• _TASK_: Ignoring the pictures, copy the data exactly.

(Stored items)
=====

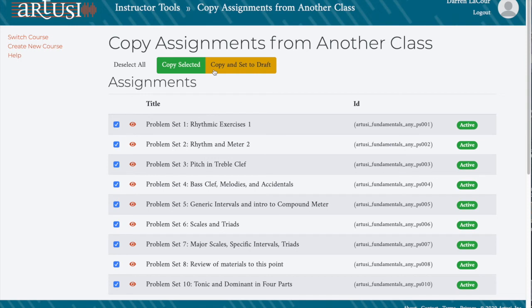Once an assignment is imported, you're free to edit it. This is a great way to get started without having to build from scratch. Check out our other videos for more information on editing assignments.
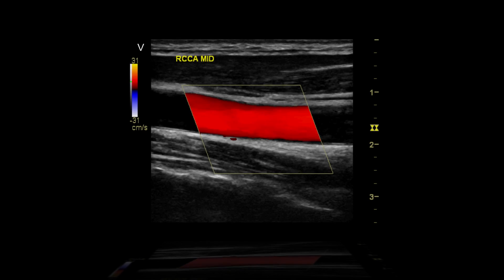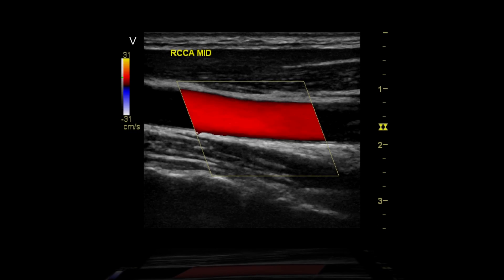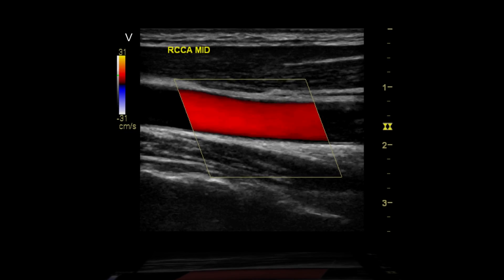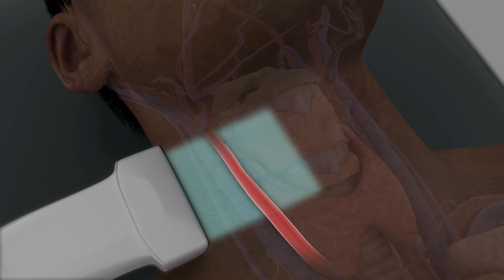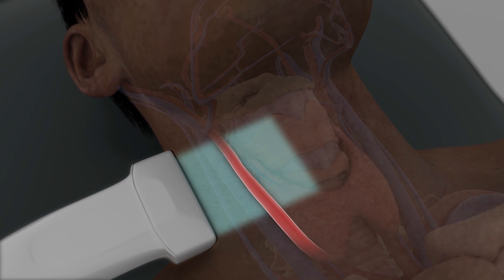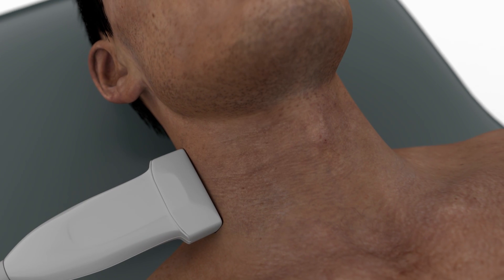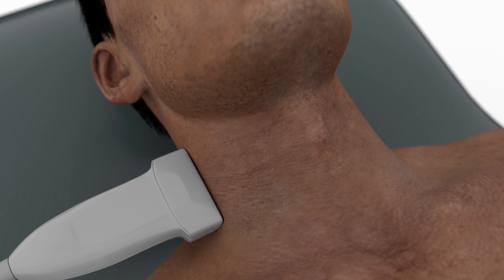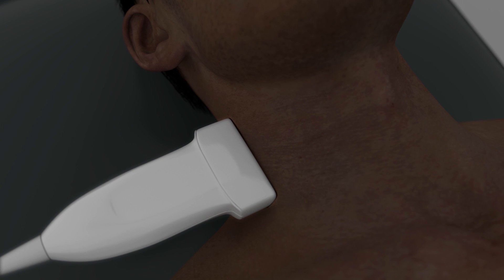Doppler ultrasound is used to detect flow within vessels. To demonstrate the use of Doppler ultrasound, we will obtain a mid-long axis view of the common carotid artery using a high-frequency linear transducer.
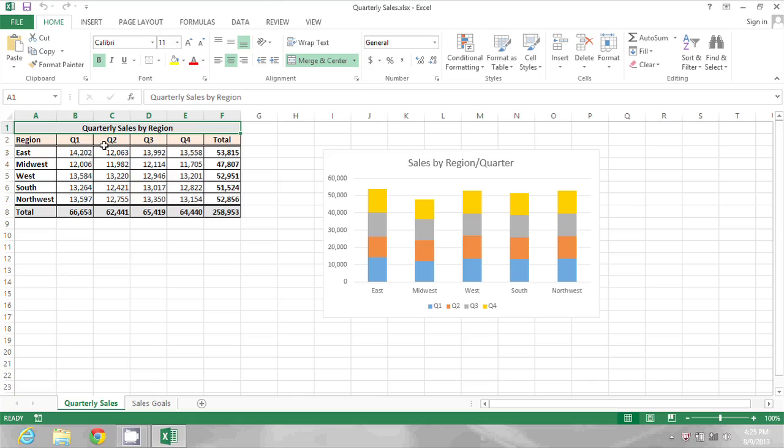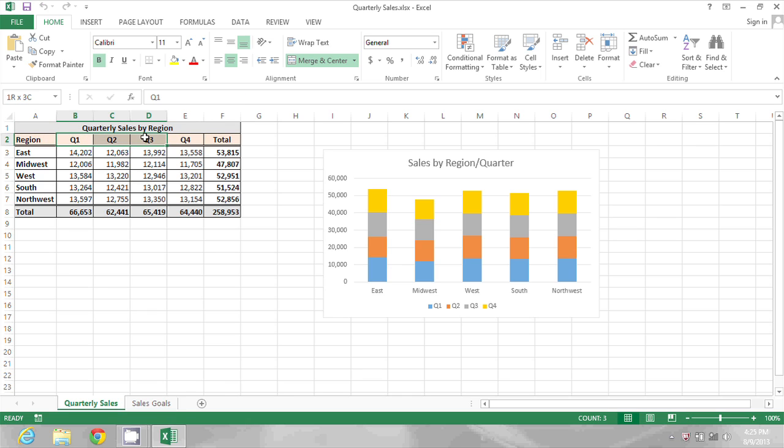To begin, I have a spreadsheet open with a series of column headings, Q1 through Q4 and total.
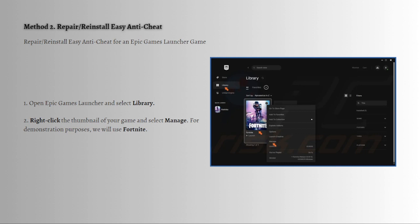Easy Anti-Cheat requires full read and write privileges to scan your system for cheats and hacks. If Easy Anti-Cheat doesn't have administrative privileges, it cannot comprehensively monitor your system and will trigger the error. Therefore, make sure to run the EasyAntiCheat_Setup.exe as an administrator.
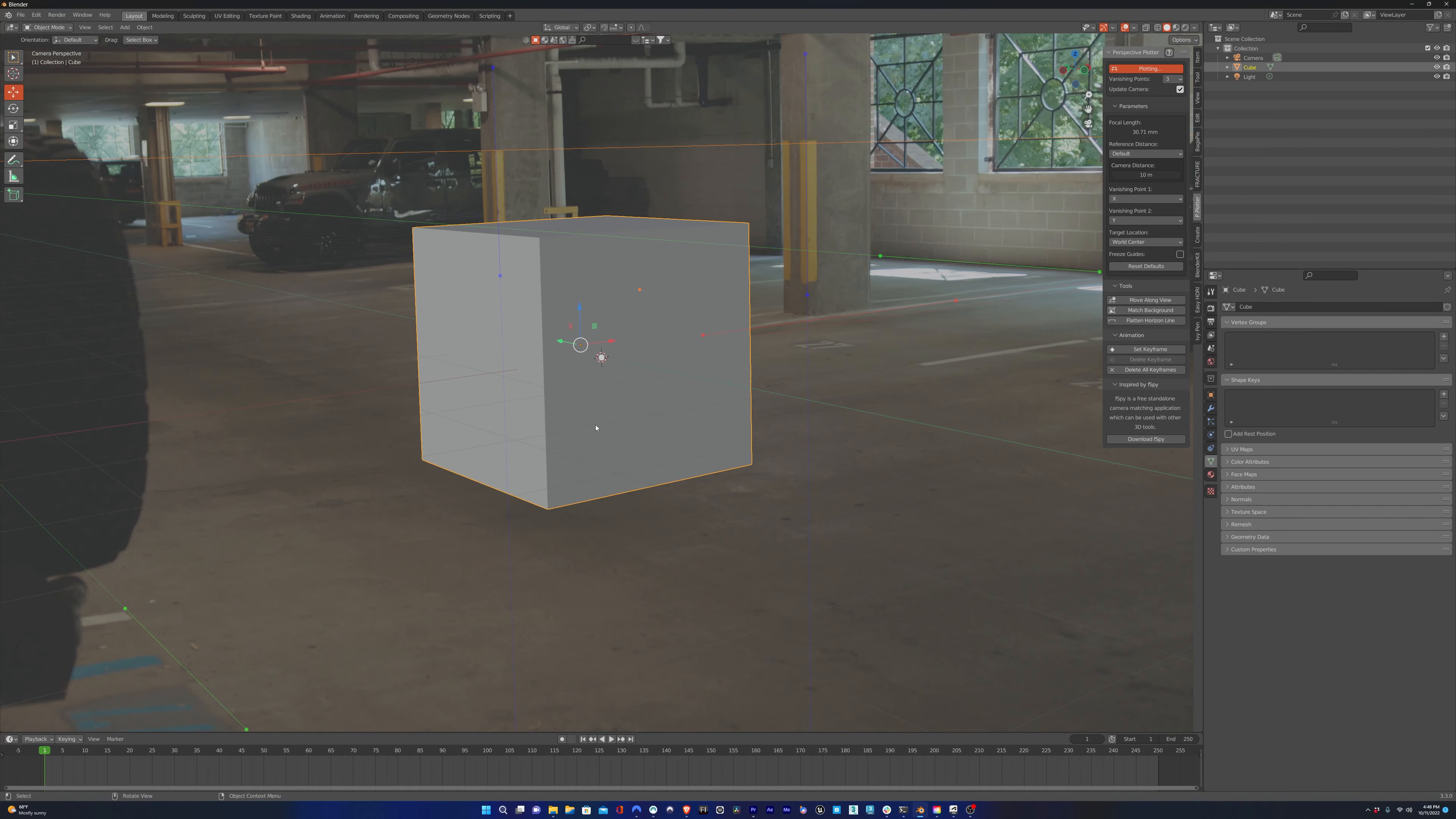And the way it works is pretty simple. If you've used F-Spy before, then you know how to do this. 3DS Max also has a Perspective Plotter built in, so this works the same way.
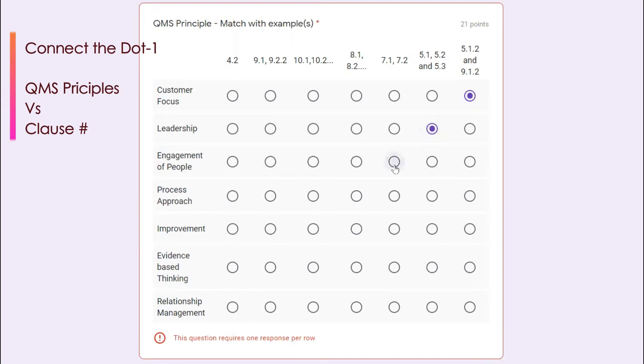Process approach, the entire clause has been built in process approach like plan, do, check, act. Even if you take typically the clause number 8, that is also a typical example of process approach.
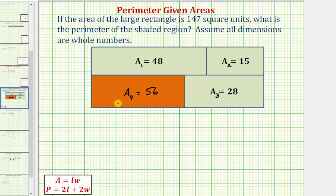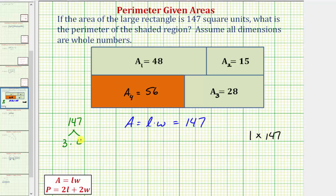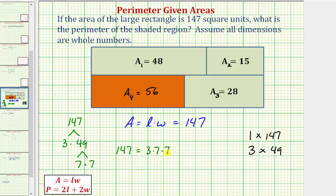Now let's consider the dimensions of the larger rectangle. The area of a rectangle equals length times width, and we know this large rectangle has area 147 square units. By considering the factors of 147, we can determine possible dimensions. The dimensions could be one by 147, but that's probably not likely. Looking at the prime factorization: 147 equals three times 49, which is three times seven times seven. So the dimensions could also be three by 49, or 21 by seven.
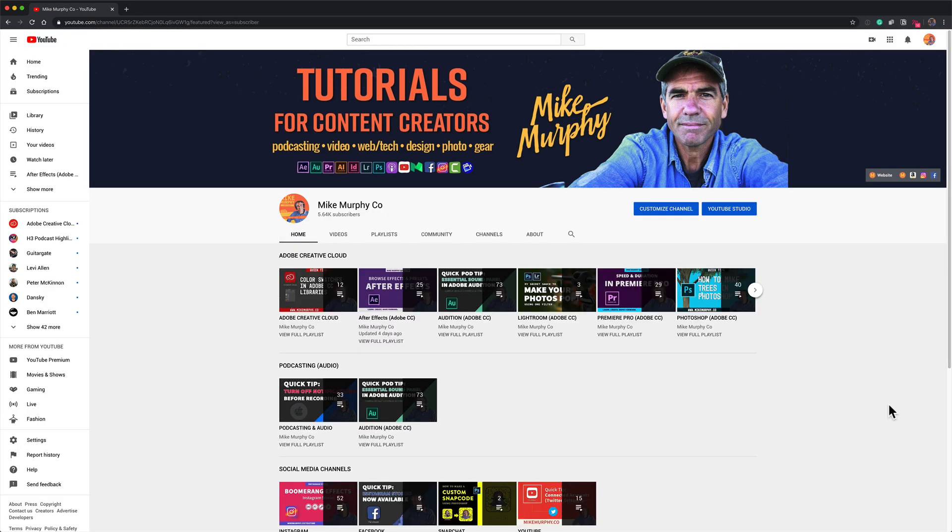To turn on dark theme for YouTube, first sign into your YouTube channel in a web browser. I'm using Google Chrome for this tutorial.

=====

• _YOUR SOLUTION_:
Once an assignment is imported, you're free to edit it. This is a great way to get started without having to build from scratch. Check out our other videos for more information on editing assignments.
Doppler ultrasound is used to detect flow within vessels. To demonstrate the use of Doppler ultrasound, we will obtain a mid-long axis view of the common carotid artery using a high-frequency linear transducer.
To begin, I have a spreadsheet open with a series of column headings, Q1 through Q4 and total.
Easy Anti-Cheat requires full read and write privileges to scan your system for cheats and hacks. If Easy Anti-Cheat doesn't have administrative privileges, it cannot comprehensively monitor your system and will trigger the error. Therefore, make sure to run the EasyAntiCheat_Setup.exe as an administrator.
And the way it works is pretty simple. If you've used F-Spy before, then you know how to do this. 3DS Max also has a Perspective Plotter built in, so this works the same way.
Process approach, the entire clause has been built in process approach like plan, do, check, act. Even if you take typically the clause number 8, that is also a typical example of process approach.
Now let's consider the dimensions of the larger rectangle. The area of a rectangle equals length times width, and we know this large rectangle has area 147 square units. By considering the factors of 147, we can determine possible dimensions. The dimensions could be one by 147, but that's probably not likely. Looking at the prime factorization: 147 equals three times 49, which is three times seven times seven. So the dimensions could also be three by 49, or 21 by seven.
To turn on dark theme for YouTube, first sign into your YouTube channel in a web browser. I'm using Google Chrome for this tutorial.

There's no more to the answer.